La muerte

por  Xabier Agirre Urteaga

 

 

 

     “Quien no teme a la muerte, no muere”. Se lo oí gritar en la televisión a un iraquí con un niño destrozado entre sus brazos. Esa frase desesperada no es sino una de las infinitas artimañas que elabora el intelecto para eludir esa tremenda verdad: todos morimos, y, con ello, todo acaba para nosotros.

     Ese período de tiempo que comienza con el nacimiento tiene un fin, y, por mucho que intentemos dulcificar ese hecho con creencias en otras vidas, ánimas o en la intrahistoria, siempre nos enfrentaremos  a una realidad incontrovertible, que produce desesperación.

     Cuando a la noche alguien apaga la luz de la habitación, y nos quedamos a oscuras, podemos imaginar que eso es la muerte... vivir de otra manera. E incluso el sueño ayuda a pensar que es posible una existencia inmaterial. Pero la muerte tiene un significado radical que no puede expresar ni de soslayo ninguna metáfora. La muerte es el fin, es el cero, es la nada, es el no ser, y contra eso ningún lenitivo es eficaz. Si la vida es consciencia, la muerte, su contraria, prescindirá de ella. Será la no consciencia, aquello que no puede pensar, ni pensarse a sí mismo.
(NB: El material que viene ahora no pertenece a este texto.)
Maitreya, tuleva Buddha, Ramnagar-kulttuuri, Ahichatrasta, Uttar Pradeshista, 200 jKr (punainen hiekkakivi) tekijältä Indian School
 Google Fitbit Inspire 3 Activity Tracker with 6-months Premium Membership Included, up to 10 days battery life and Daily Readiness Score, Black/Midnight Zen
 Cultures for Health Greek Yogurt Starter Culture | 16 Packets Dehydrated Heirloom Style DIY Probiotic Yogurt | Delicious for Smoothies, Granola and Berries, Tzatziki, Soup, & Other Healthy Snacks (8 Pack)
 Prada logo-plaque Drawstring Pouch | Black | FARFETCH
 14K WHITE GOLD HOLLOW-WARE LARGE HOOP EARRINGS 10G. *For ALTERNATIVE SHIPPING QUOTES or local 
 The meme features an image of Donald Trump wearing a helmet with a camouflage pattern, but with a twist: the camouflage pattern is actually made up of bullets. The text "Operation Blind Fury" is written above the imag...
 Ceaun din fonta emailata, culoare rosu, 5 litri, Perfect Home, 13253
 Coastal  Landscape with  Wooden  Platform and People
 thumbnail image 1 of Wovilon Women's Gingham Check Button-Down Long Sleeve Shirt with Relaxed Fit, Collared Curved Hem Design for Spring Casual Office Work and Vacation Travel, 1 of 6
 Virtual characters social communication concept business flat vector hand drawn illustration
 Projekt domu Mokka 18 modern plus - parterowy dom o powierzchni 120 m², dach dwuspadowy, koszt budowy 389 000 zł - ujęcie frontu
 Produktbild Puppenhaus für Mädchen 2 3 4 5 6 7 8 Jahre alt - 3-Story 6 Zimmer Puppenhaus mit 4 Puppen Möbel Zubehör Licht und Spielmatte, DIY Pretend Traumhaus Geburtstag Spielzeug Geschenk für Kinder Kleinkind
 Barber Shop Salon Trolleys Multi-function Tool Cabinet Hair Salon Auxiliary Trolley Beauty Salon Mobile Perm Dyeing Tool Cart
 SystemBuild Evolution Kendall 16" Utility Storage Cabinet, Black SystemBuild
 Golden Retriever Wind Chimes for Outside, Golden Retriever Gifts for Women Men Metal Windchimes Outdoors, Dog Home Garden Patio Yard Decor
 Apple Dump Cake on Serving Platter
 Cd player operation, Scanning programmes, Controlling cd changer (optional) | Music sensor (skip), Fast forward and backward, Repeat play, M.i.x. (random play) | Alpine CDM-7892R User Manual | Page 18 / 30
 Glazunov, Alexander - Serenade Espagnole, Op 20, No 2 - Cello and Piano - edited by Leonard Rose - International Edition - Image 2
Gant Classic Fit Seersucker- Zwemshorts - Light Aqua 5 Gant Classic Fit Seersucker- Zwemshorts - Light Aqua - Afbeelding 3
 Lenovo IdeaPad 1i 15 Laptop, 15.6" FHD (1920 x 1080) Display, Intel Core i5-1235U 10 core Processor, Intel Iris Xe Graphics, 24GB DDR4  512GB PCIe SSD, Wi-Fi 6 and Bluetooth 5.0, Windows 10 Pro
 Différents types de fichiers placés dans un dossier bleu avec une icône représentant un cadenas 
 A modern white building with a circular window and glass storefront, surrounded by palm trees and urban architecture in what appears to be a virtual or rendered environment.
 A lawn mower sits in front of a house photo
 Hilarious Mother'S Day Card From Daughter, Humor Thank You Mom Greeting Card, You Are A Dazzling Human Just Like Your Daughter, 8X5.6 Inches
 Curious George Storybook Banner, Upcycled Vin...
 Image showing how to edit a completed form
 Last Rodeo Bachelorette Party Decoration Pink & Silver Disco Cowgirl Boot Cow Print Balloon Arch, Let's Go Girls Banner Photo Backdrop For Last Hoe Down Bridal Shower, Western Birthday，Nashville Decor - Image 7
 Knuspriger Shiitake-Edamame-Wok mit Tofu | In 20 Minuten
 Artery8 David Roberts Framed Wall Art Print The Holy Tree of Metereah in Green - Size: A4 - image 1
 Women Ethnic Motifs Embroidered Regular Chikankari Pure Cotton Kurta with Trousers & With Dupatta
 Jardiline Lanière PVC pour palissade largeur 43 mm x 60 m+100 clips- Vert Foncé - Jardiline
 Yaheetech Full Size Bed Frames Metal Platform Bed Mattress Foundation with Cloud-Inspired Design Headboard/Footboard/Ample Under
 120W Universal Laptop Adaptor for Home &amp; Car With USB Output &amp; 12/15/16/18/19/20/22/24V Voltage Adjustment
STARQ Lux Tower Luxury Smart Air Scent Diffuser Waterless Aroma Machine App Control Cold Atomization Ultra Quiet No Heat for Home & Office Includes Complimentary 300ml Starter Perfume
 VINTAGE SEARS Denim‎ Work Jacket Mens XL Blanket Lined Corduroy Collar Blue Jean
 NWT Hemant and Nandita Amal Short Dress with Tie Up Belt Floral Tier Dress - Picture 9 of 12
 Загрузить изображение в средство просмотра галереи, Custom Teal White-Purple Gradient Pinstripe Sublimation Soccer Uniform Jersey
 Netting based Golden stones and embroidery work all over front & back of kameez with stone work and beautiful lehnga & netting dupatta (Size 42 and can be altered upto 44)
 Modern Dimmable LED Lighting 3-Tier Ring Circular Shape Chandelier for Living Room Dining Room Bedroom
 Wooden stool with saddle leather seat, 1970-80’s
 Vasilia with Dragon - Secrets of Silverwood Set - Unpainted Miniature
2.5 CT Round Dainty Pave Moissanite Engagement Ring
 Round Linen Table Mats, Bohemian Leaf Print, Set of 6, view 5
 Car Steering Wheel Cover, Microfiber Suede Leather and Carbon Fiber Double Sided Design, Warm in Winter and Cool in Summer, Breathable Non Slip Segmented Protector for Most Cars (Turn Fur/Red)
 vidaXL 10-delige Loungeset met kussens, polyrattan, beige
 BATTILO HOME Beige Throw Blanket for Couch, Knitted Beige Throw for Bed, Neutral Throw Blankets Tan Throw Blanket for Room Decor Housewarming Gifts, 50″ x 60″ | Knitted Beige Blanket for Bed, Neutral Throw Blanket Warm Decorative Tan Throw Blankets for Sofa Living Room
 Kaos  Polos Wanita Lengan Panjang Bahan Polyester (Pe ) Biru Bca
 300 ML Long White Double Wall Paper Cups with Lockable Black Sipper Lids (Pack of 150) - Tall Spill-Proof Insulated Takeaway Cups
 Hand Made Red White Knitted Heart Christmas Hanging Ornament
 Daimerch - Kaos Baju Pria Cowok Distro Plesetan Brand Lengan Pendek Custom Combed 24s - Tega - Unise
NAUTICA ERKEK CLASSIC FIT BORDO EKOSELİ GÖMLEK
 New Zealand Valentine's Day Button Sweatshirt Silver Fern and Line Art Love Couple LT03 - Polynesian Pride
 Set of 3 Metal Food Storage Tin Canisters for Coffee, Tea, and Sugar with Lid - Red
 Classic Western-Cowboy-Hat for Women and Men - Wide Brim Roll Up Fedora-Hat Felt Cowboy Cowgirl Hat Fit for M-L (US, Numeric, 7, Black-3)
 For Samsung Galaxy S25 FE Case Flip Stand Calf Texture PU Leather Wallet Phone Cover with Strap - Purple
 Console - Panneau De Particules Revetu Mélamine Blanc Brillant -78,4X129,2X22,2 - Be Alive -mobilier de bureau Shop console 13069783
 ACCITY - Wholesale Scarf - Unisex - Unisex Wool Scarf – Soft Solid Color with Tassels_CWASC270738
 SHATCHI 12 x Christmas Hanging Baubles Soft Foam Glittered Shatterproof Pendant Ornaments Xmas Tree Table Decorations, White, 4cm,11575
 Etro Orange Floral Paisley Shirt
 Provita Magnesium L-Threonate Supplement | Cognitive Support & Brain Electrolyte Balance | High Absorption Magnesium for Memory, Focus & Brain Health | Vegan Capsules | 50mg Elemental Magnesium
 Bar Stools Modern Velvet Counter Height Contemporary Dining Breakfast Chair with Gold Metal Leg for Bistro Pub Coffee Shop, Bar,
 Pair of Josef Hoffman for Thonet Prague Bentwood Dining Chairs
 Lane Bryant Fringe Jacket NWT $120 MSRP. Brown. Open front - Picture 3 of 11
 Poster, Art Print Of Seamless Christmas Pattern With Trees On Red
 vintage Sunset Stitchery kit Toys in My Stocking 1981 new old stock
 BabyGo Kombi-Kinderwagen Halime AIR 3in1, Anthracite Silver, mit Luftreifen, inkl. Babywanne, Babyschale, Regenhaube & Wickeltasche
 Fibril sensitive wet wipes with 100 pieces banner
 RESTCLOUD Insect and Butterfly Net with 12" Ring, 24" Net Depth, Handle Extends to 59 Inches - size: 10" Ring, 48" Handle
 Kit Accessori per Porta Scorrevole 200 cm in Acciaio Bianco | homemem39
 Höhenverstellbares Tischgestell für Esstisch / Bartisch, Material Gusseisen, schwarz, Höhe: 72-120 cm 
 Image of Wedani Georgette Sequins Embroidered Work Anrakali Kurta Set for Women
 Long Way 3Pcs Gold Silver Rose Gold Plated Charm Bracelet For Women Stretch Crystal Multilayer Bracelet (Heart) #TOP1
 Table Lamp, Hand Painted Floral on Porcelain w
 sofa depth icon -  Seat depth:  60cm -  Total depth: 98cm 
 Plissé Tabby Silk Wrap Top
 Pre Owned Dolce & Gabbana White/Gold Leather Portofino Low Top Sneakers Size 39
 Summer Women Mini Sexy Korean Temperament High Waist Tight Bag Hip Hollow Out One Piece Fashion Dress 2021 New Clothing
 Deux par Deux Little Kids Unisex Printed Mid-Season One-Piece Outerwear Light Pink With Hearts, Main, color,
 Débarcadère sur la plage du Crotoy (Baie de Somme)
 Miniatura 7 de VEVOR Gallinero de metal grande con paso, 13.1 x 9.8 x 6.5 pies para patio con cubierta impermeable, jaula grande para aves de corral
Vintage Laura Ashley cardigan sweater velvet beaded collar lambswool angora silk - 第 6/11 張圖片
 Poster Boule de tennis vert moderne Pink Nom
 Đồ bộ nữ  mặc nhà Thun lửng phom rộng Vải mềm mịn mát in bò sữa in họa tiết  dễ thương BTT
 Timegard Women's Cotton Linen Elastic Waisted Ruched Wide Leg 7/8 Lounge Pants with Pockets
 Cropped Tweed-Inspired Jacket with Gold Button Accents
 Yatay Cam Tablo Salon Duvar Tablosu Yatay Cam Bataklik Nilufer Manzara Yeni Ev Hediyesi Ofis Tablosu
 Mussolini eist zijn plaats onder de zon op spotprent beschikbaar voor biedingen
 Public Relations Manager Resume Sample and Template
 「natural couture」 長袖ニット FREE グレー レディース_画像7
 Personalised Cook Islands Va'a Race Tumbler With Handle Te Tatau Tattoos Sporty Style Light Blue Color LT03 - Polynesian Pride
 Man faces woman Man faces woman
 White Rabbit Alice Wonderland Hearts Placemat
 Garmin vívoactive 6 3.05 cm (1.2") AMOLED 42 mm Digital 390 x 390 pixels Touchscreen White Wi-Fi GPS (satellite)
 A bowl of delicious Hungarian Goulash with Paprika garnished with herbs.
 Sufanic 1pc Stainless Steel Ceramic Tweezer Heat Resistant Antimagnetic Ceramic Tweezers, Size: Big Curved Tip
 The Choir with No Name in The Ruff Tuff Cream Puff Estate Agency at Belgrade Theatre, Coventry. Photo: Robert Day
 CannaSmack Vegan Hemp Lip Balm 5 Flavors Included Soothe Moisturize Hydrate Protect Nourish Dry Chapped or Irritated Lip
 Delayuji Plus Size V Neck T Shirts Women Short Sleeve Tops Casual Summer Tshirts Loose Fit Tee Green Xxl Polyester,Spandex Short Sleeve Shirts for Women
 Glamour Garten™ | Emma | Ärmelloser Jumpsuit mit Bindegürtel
     La vía deductiva es la única posible para afrontar el tema de la muerte; la inductiva, esto es, la prueba empírica del más allá es un sinsentido. No podemos esperar que alguien nos diga qué hay allí, porque eso demostraría que nunca ha estado allí.

     La muerte ha de ser afrontada desde la lógica o desde la imaginación. Siendo la lógica una disciplina fría y desalmada, cualquier creación poética al respecto es mil veces más atractiva que la evidencia de la nada, que es lo que es la muerte.

     Algunas religiones, sobre todo las de base animista, han explotado esa capacidad literaria y de fabulación ¿Quién no quisiera ver continuar su viaje reencarnado en una hermosa haya, o viajando por los mares como una gregaria sardina? Otras, las más aprovechadas, dan un sesgo moral a la muerte y a la vida posterior. Para que te toque la lotería eterna, has de comprar los décimos en esta vida. ¡Benditos tahúres!

     Todo con tal de no afrontar el helador escalofrío que produce el hecho de que, probablemente, no vayamos a ninguna parte.